The data:
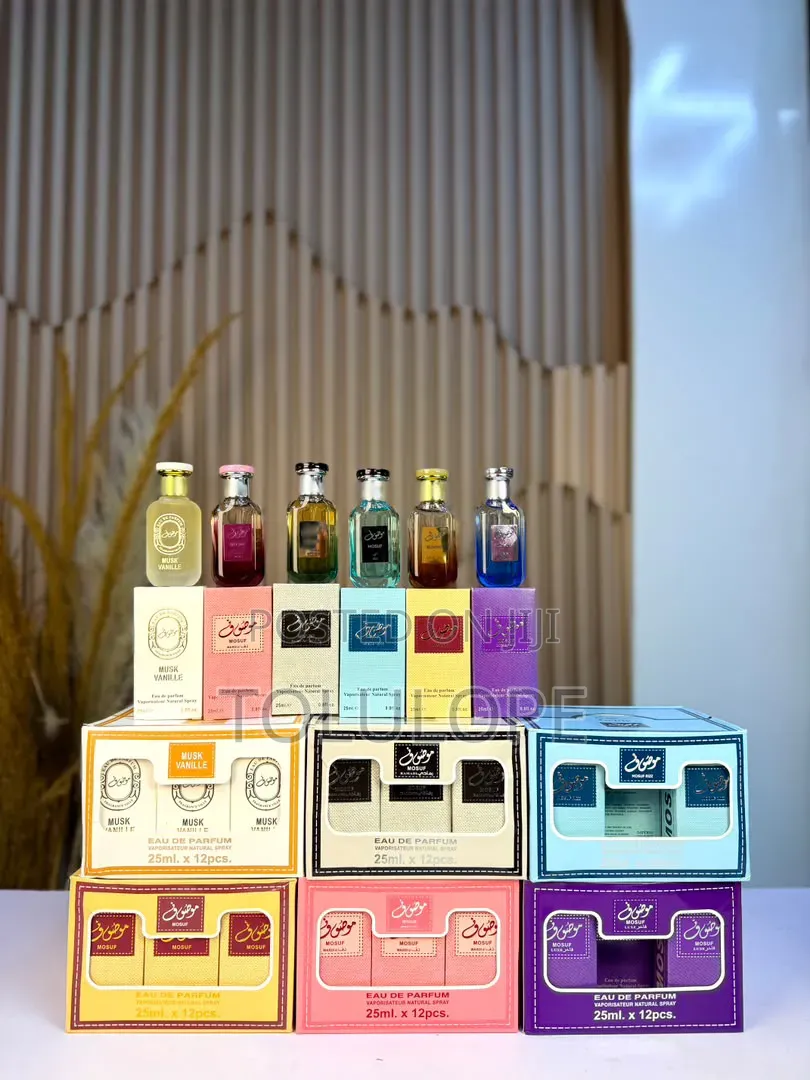Mousuf Perfume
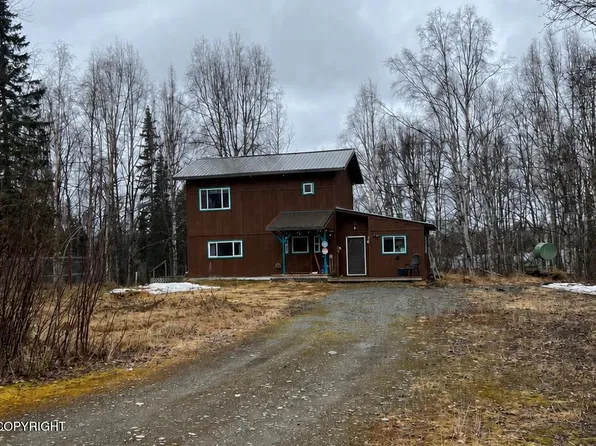 9377 N Blackie Loop, Wasilla, AK 99688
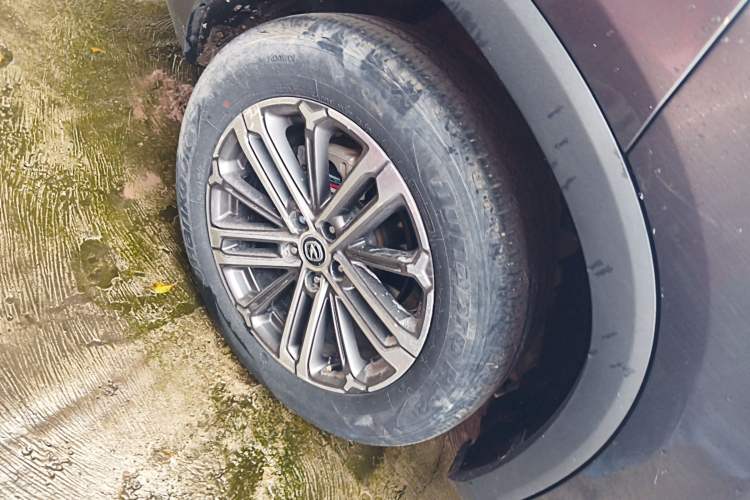 Used Changan CS75 PLUS 2022 1.5T Automatic Luxury Model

Task objective:
Would you retype all the lines shown above, exactly as written and without any picture?

Answer section:
Mousuf Perfume
 9377 N Blackie Loop, Wasilla, AK 99688
 Used Changan CS75 PLUS 2022 1.5T Automatic Luxury Model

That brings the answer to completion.